Incident tot het stellen van proceskostenzekerheid door een buiten Nederland woonachtige eiser

In deze zaak, die diende voor de Rechtbank Rotterdam, ging het om een incident tot het stellen van proceskostenzekerheid door de buiten Nederland woonachtige eiser, Interchem PTE LTD, in de hoofdzaak tegen Odfjell Terminals (Rotterdam) B.V. De eiser, Interchem, had een vordering ingesteld tegen Odfjell voor een bedrag van USD 3.964.940,- en € 421.268,-, verhoogd met wettelijke rente. Odfjell, als gedaagde in de hoofdzaak, vorderde in het incident dat Interchem in de proceskosten van het incident werd veroordeeld. De rechtbank oordeelde dat Interchem in beginsel verplicht was om proceskostenzekerheid te stellen, maar aangezien deze zekerheid inmiddels was gesteld, ging het enkel nog om de proceskosten van het incident. De rechtbank besloot dat de proceskosten moesten worden gecompenseerd, wat betekent dat iedere partij zijn eigen kosten draagt.

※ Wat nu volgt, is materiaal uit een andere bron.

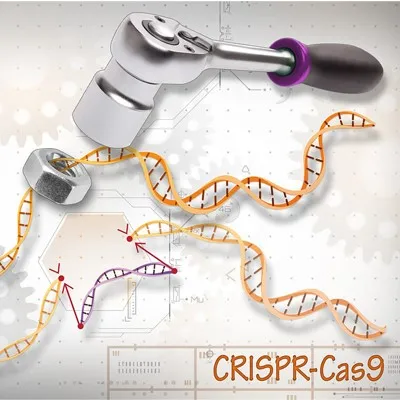 CRISPR Technology in Vaccine Research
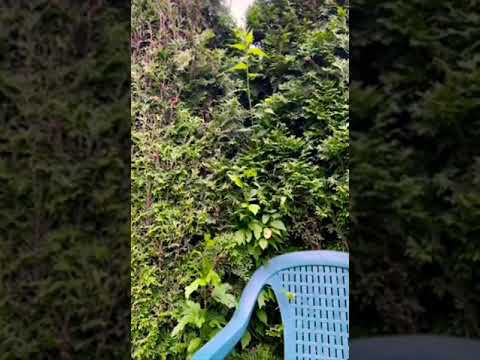 Sin Boy - Suza (Nos Album)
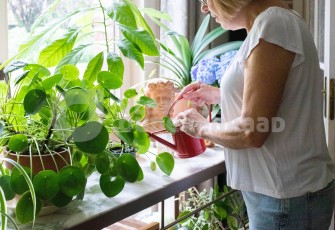 Oudere geeft planten water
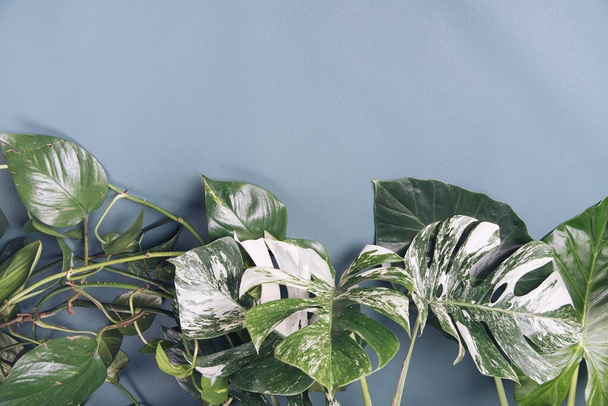 тропічне листя на сірому фоні з копіспадом
 - Фото, зображення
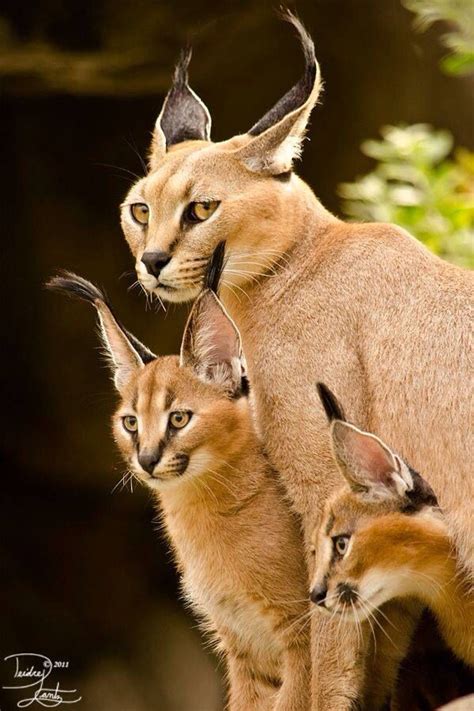 Caracals Wild Cats Animals Cute Animals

Dit vonnis werd uitgesproken op 10 januari 2018.

Uitspraak

vonnis

RECHTBANK ROTTERDAM

Team handel
zaaknummer / rolnummer: C/10/531222 / HA ZA 17-699
Vonnis in incident van 10 januari 2018
in de zaak van
de rechtspersoon naar vreemd recht
INTERCHEM PTE LTD,
gevestigd te Singapore,
eiseres in de hoofdzaak,
verweerster in het incident,
advocaat mr. B.W. Mulder te Amsterdam,
tegen
de besloten vennootschap met beperkte aansprakelijkheid
ODFJELL TERMINALS (ROTTERDAM) B.V.,
gevestigd te Rotterdam-Botlek,
gedaagde in de hoofdzaak,
eiseres in het incident,
advocaat mr. N. de Boer te Rotterdam.
Partijen zullen hierna Interchem en Odfjell genoemd worden.

1.De procedure

1.1.
Het verloop van de procedure blijkt uit:
  • de dagvaarding van 19 juli 2017, met producties;
  • de incidentele conclusie tot het stellen van zekerheid voor de betaling van de proceskosten ex art. 224 Rv van 27 september 2017;
  • de incidentele conclusie van antwoord van 11 oktober 2017, met één productie;
  • de akte in het incident met bijlage 1 van 25 oktober 2017;
  • de antwoordakte in het incident van 15 november 2017.
1.2.
Ten slotte is vonnis bepaald in het incident.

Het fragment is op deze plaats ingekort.